A Phase I open-label study to assess the pharmacokinetics, safety, and tolerability of capivasertib alone or in combination with paclitaxel in Chinese patients with advanced solid tumors.

Background: Capivasertib is recommended, plus fulvestrant, for hormone receptor-positive/human epidermal growth factor receptor 2-negative advanced breast cancer with PIK3CA/AKT1/PTEN alterations and is under development for further breast and prostate cancer indications. Pharmacokinetics in Western and Japanese patients have been previously characterized. We conducted a Phase I trial assessing the pharmacokinetics and safety of capivasertib, alone or plus paclitaxel, in Chinese patients with advanced solid tumors.

Methods: In this open-label, fixed-sequence Phase I trial, Chinese patients with advanced solid tumors refractory or resistant to standard therapy received capivasertib alone (Part A) and then plus paclitaxel (Part B). The primary endpoint comprised capivasertib pharmacokinetics after a single dose (480 mg), or multiple doses given alone (480 mg twice daily [4 days on, 3 days off]) or plus paclitaxel (capivasertib 400 mg twice daily [4 days on, 3 days off], paclitaxel 80 mg/m² once weekly; both 3 weeks on, 1 week off). Safety was a secondary endpoint. Investigator-assessed best objective response was an exploratory endpoint.

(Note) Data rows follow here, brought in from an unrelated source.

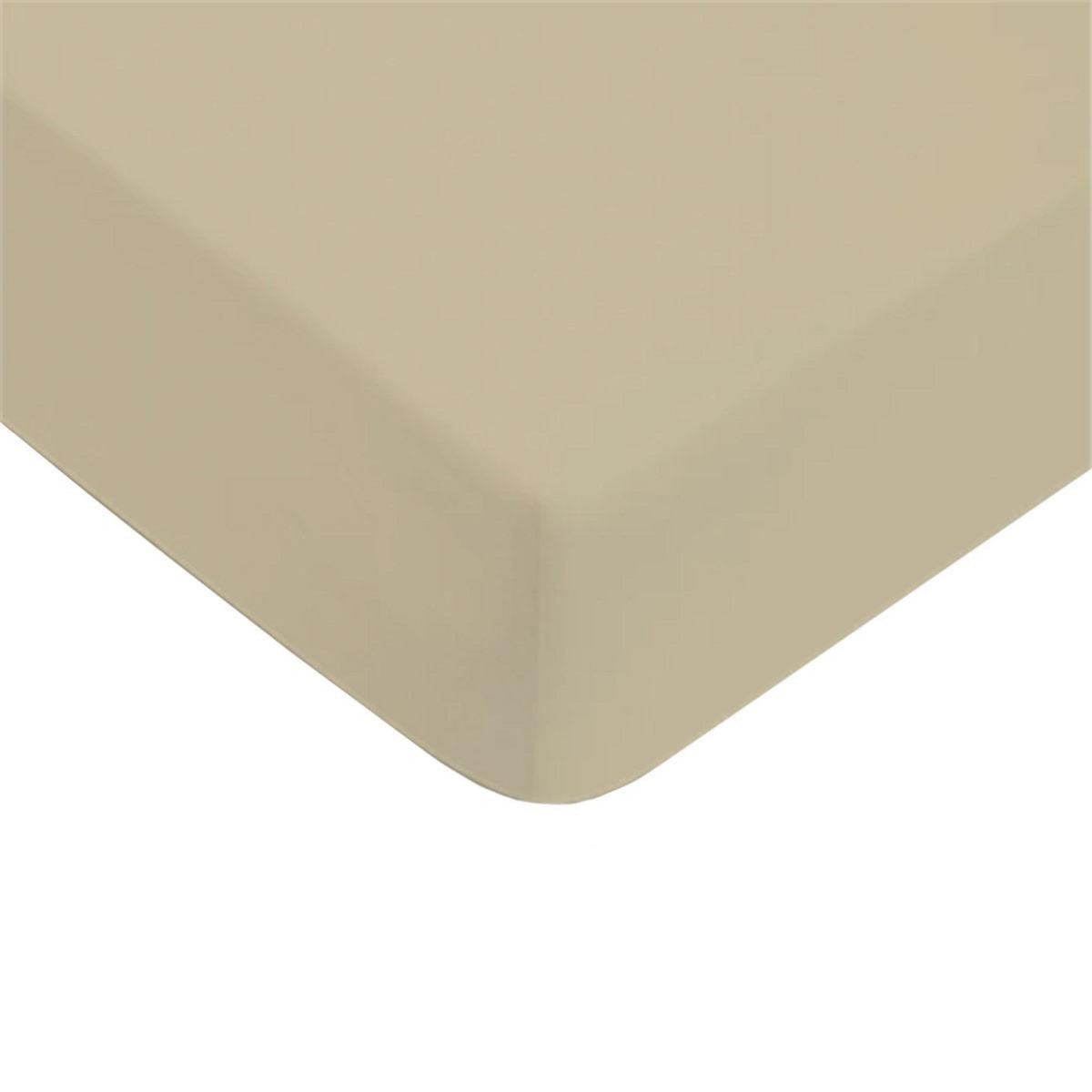FUTURE HOME Drap housse uni en coton 57 fils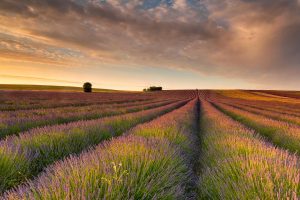 Hertfordshire Lavender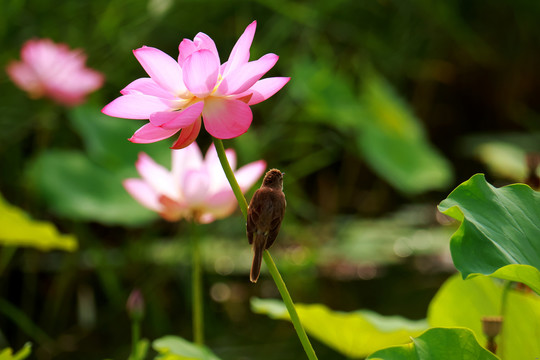 夏日莲莲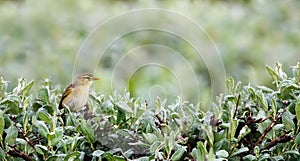 A Willow Warbler ( Phylloscopus Trochilus )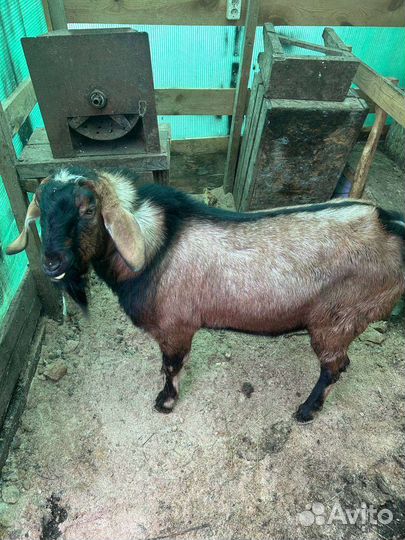 Нубийский козел вязка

Results: Overall, 16 patients (median age 55.5 years, median weight 58.9 kg, 81.3% breast primary tumor location) received capivasertib alone in Part A and then capivasertib plus paclitaxel in Part B. The median time to maximum concentration, the geometric mean maximum plasma concentration, and the geometric mean area under the curve from time 0 to the last quantifiable concentration of capivasertib were: after a single dose (n = 16): 1.0 h, 1465 ng/mL, and 7243 h×ng/mL; after multiple doses (n = 15): 0.9 h, 2535 ng/mL, and 12,080 h×ng/mL; after multiple doses plus paclitaxel (n = 8): 1.9 h, 2467 ng/mL, and 12,830 h×ng/mL, respectively. After a single dose, the geometric mean terminal elimination half-life was 9.7 h. Hyperglycemia, diarrhea, and rash were the most common adverse events (reported for all patients). Most adverse events were Grade 1-2. Four (25.0%) patients achieved confirmed partial response and four (25.0%) stable disease as best objective response.

Conclusions: Consistent with previous findings, capivasertib was absorbed rapidly and eliminated with a half-life of approximately 10 h. The manageable safety profile and preliminary antitumor activity support further investigation of capivasertib-containing combinations in Chinese patients with advanced solid tumors.

Trial registration: The trial was registered at ClinicalTrials.gov with identifier no. NCT04742036. Date of registration: February 4, 2021.